Que caraterísticas têm os movimentos culturais hoje? São diferentes dos movimentos sociais? Que aportes teóricos para este debate eles podem trazer à antropologia? E qual é a contribuição da etnografia? Estas perguntas enquadram os interesses de um conjunto de pesquisadores que se reuniu entre os dias 4 e 7 de dezembro na cidade de Posadas, na Argentina, para a XII Reunião de Antropologia do Mercosul (RAM). O grupo de trabalho (GT) nomeado Dos movimentos sociais aos movimentos culturais, que coordenei com Felipe Comunello, e com a presença do professor Ruben Oliven como debatedor, aproximou uma variedade de trabalhos de caráter etnográfico com o fim de contribuir com este debate.

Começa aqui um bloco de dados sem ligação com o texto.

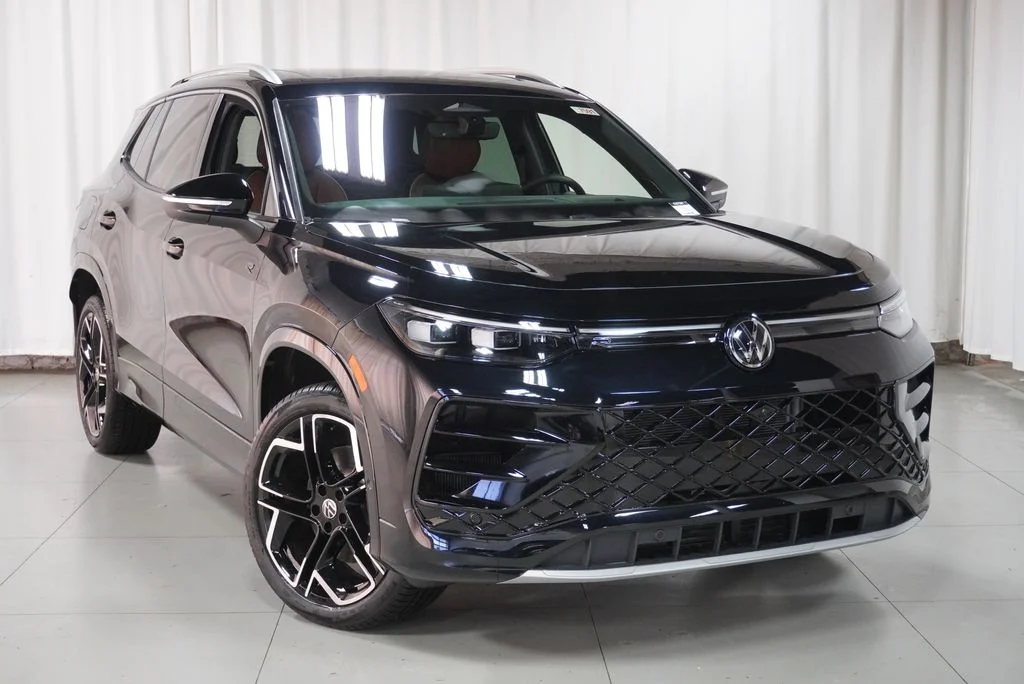 New 2026  Volkswagen 2.0T SEL R-Line Turbo image 4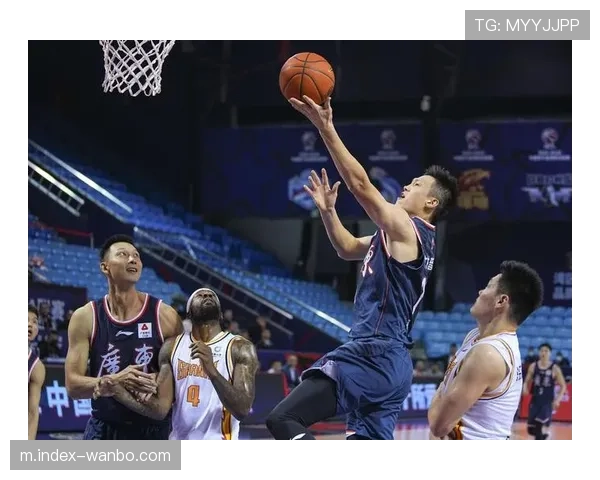 张皓嘉关键三分救主 广东险胜深圳避免四连败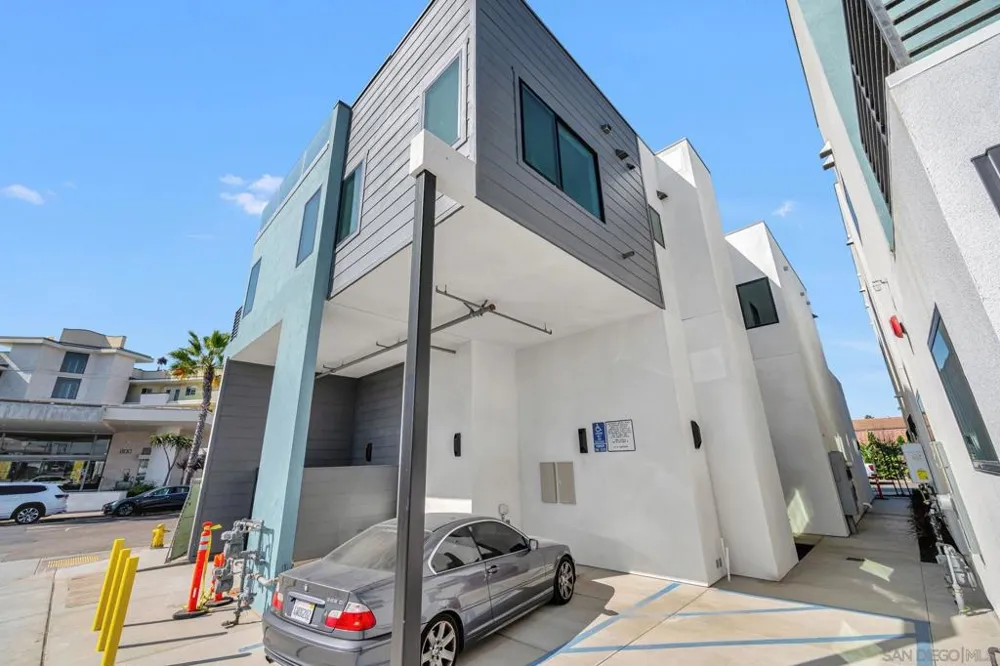 807 Seacoast Dr Imperial Beach, CA 91932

Nas últimas décadas, surgiu uma multiplicidade de movimentos na América Latina que articulam e ativam a cultura, questionando ou enfatizando os conhecimentos especializados dos conceitos de cultura e movimento. A reivindicação de direitos associados à cultura foi uma novidade em relação aos chamados movimentos sociais mais clássicos e deu conta, tanto nas práticas dos movimentos quanto nas discussões teóricas, de uma expansão do conceito de cultura que engloba – ao mesmo tempo em que traspassa – as noções associadas a práticas sócio estéticas, tornando a reivindicação cultural um elemento de ação no espaço público particularmente legítimo. Nesse sentido, os chamados movimentos culturais ancoram uma nova interface entre cultura e política que, entre outras coisas, obriga a repensar as relações entre movimentos culturais e Estado (especialmente a participação ativa nas políticas públicas de cultura), as relações destes movimentos com o mercado (em particular, com a ativação de circuitos alternativos de produção e consumo cultural) e formas de ação coletiva.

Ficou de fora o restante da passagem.